Five years on, the prophecy stands fulfilled, if the mandate in the recent Godda byelections is anything to go by. Old-timers rue that the state, which had always prided itself on its imperviousness to contentious communal issues (tribal south Bihar was perhaps the only region in the East which did not see any violence after December 6, 1992), could not remain immune to the saffron surge.
The BJP won the Godda parliamentary seat by 93,262 votes. It had a lead margin of 15,000 in at least three assembly segments — Godda, Poriyahat and Deoghar. Notwithstanding a low voter turnout, in three blocks — Jarmundi, Madhupur and Mahagama — it defeated its nearest rival by an average of 3,000 votes. According to observers, development and welfare had little to do in the bypolls this time, unlike in Dumka, in March, where the government’s non-performance led to an anti-BJP wave, and helped the JMM cruise to victory. This time, there was a clear swing in favour of Hindutva.

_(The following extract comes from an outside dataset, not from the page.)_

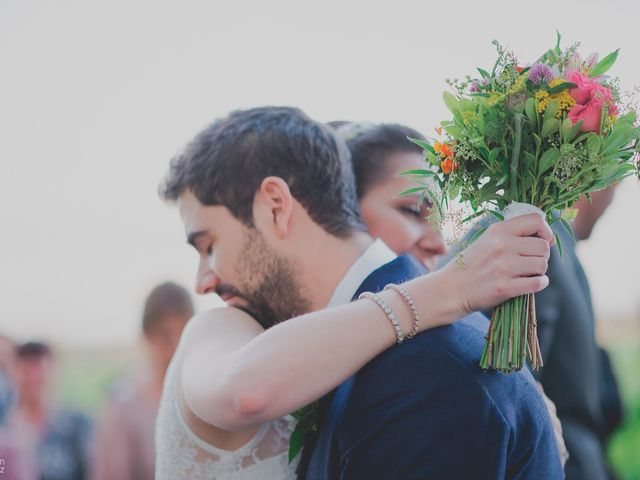 El casamiento de Daniel y Paola en Canelones, Canelones 9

Even a couple of years before Jharkhand was formed in 2000, lower caste and tribal voters were firmly secular. It was the upper-caste Hindu votes which were divided between the BJP and the Congress. Although Hindutva overrode all other considerations in Brahmin dominated Godda, the BJP has never had it so easy. Even the traditional Congress supporters temporarily switched sides this time, preferring to go along with the ruling party. The tribal and backward votes were divided equally between the JMM, RJD and the BJP, which incidentally fielded a Yadav candidate. So none of the opposition parties could command the block votes of any one segment.
An analysis of the “shift” in upper caste votes calls for a deeper look at the socio-political cross-currents. While some attribute the erosion of the Congress’s base to a feeling of insecurity among its upper-caste voters (made even more acute by the nomination of a minority candidate), others feel it is an extension of the BJP’s success story in Gujarat. Hindutva was the motivating factor, although the BJP raised several development issues in its campaign. The electorate turned a blind eye to the chief minister’s “dismal” progress report and opted for his party’s more “sublime” tenets instead.

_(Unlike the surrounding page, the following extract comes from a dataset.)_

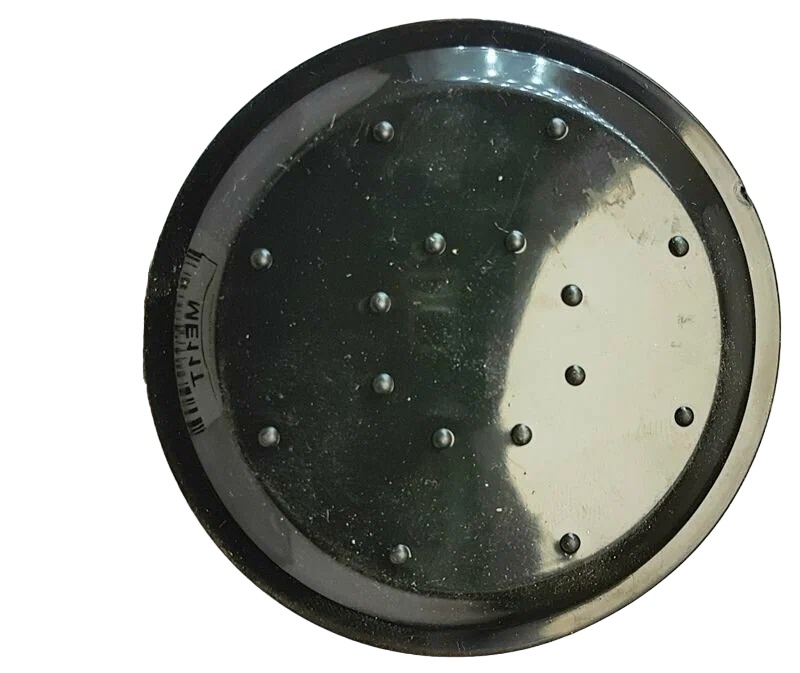 

Мембрана клапана Buderus ME11T, Черный, Buderus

Unlike Gujarat, where the Narendra Modi government has been credited with opening up the Narmada lifeline and several other populist measures, the Babulal Marandi government in Jharkhand had nothing to flaunt in terms of development. Godda is still a backward terrain with steep economic disparities between the upper castes and fringe groups. Owing to its proximity to Bihar, the constituency is burdened by the Bihar syndrome — a baggage it finds difficult to shed even after two years.
According to a local temple sevait (priest), the “divine powers” of Lord Baidyanath, whose abode, Deoghar, falls within this constituency, worked for the BJP and turned the spotlight away from the party’s “non-performance”. Hindutva proved to be Marandi’s life-saver for, had the polls hinged on ground realities, it would have been Dumka all over.

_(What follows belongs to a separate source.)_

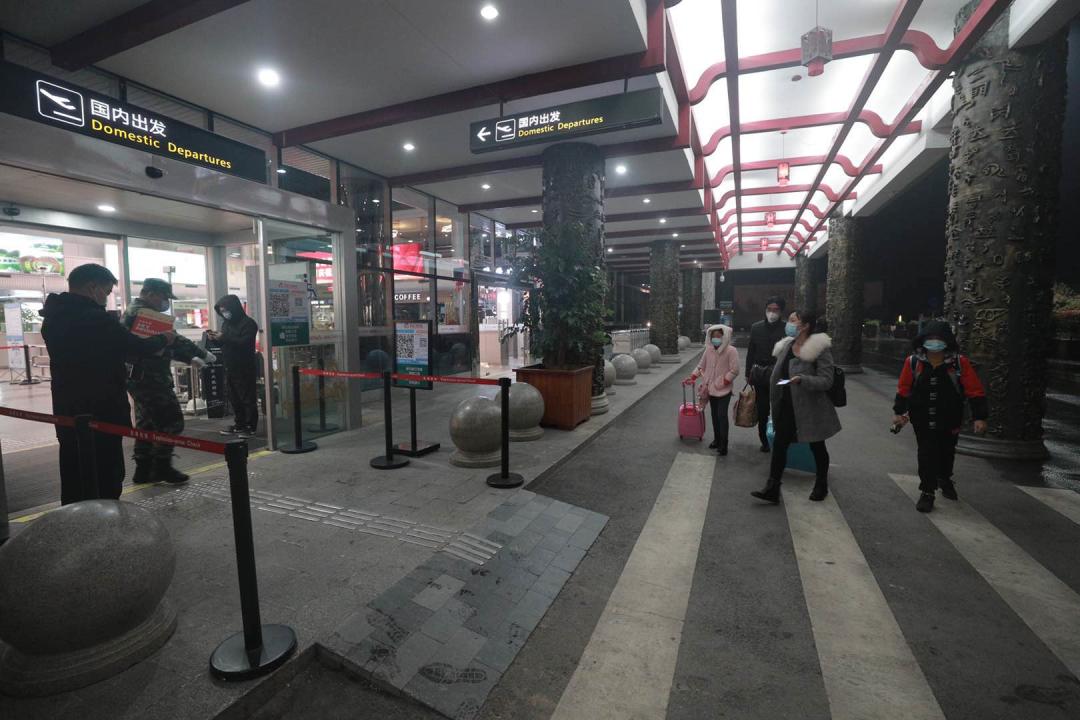 宜昌三峽機場航班 宜昌三峽機場航班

However, a senior BJP, leader, Uma Shankar Kedia, feels that the shuffling of assembly segments after the bifurcation of Bihar is the key to the BJP’s landslide victory. As a result of this, Bihar lost two predominantly upper-caste pockets which were added to Godda. The segments which Jharkhand gave in return for Mahagama and Deoghar were “mixed” in composition.
But the real surprise lies in the JMM’s inability to see the winds of change. In the run-up to the Dumka bypolls in March, the JMM had gone out of its way to forge some kind of unity among the opposition. It wooed the Congress and the RJD to counter the BJP. It highlighted corruption and poor governance and all but promised utopia. Marandi-weary voters fell for the JMM’s campaign and voted for Sibu Soren. But the JMM had become an astute political entity — it was no longer the crusading force it was in the Eighties. Instead of fulfilling its promises, the JMM bandied Dumka as a victory against the BJP.
Says tribal intellectual P. Mahato and convener of the Jharkhand Buddhijeevi Manch, “The JMM thought that it could get away with riding rough-shod over the sentiments of voters. But we are a sensitive lot. Over the years, the party has alienated itself from its people. Godda was just a manifestation of the alienation.’’ According to him, there was social polarization against the BJP in Dumka, whereas all parties were sharply divided in Godda. There was no opposition unity to speak of as the RJD and the Congress put up their own candidates. The minority votes were also split, with the JMM and the Congress fielding two Muslim candidates, giving the BJP a distinct edge.
The rapid saffronization of the tribals has become a major cause for concern. The bulk of the Sarna tribals, who are animists, is gradually tilting towards the sangh parivar. This polarization, according to intellectuals, is a fallout of the conflict of social and political interests. While the Vanvasi Kalyan Kendras, Rashtriya Swayamsevak Sangh-affiliates, have hijacked primary education and healthcare in the Sarna-dominated areas in Chhotanagpur, the church still holds sway over the Santhal Parganas.
Largescale conversions to Christianity have taken place among the Oraon tribals, whereas the Mundas, Ho, Santhal, Bhumij and Kharia tribes have been targeted time and again by the VHP’s conversion drives. As a result, the JMM has not been able to consolidate its base since the Eighties, when it appeared on the political horizon with its demand for autonomy. “The party adhered to the principle of hor-mitan (pan-ethnic sentiment), that is the bulwark of the ethnic social mosiac. It had the support of the student’s wing, the All-Jharkhand Students’ Union, the Jharkhand People’s Party, the Jharkhand Party (N.E. Horo and Naren Hansda factions) and several other tribal splinter groups,’’ says B.B. Mahato, a senior leader. But the JMM could not throw up an alternative leadership or steer the region to statehood. Worse, its top leaders were tainted by a string of scandals.
In recent times, the formation of the Jharkhand Disom Party has caused a further strain. According to a section of the opposition, the JDP, floated by the BJP member of parliament from Mayurbhanj in Orissa, Salkhan Murmu, is a stooge of the ruling party. “It is a BJP ploy to keep the opposition divided and keep the pro-JMM groups in check. The JDP takes up only those issues which the opposition rakes up and goes to town with it. But the BJP has yet to initiate any disciplinary action against its MP for his anti-party stand,’’ says an opposition leader. If independent surveys are to be believed, the JDP has managed to make a dent in the JMM support base.
As more and more political outfits based on ethnicity break away from a broad cultural and ideological umbrella, a disparate group of tribal intellectuals from Chhotanagpur and Santhal Parganas are putting together a new united front — the Jharkhand Moolvasi Swadhikar Manch. The front, backed by the AJSU, may be too ineffective a weapon to counter the saffron might, but it definitely highlights one thing. Unity on all issues, be it political, social, cultural or economic, is the only way to save the tribals from being swamped by the mainstream forces.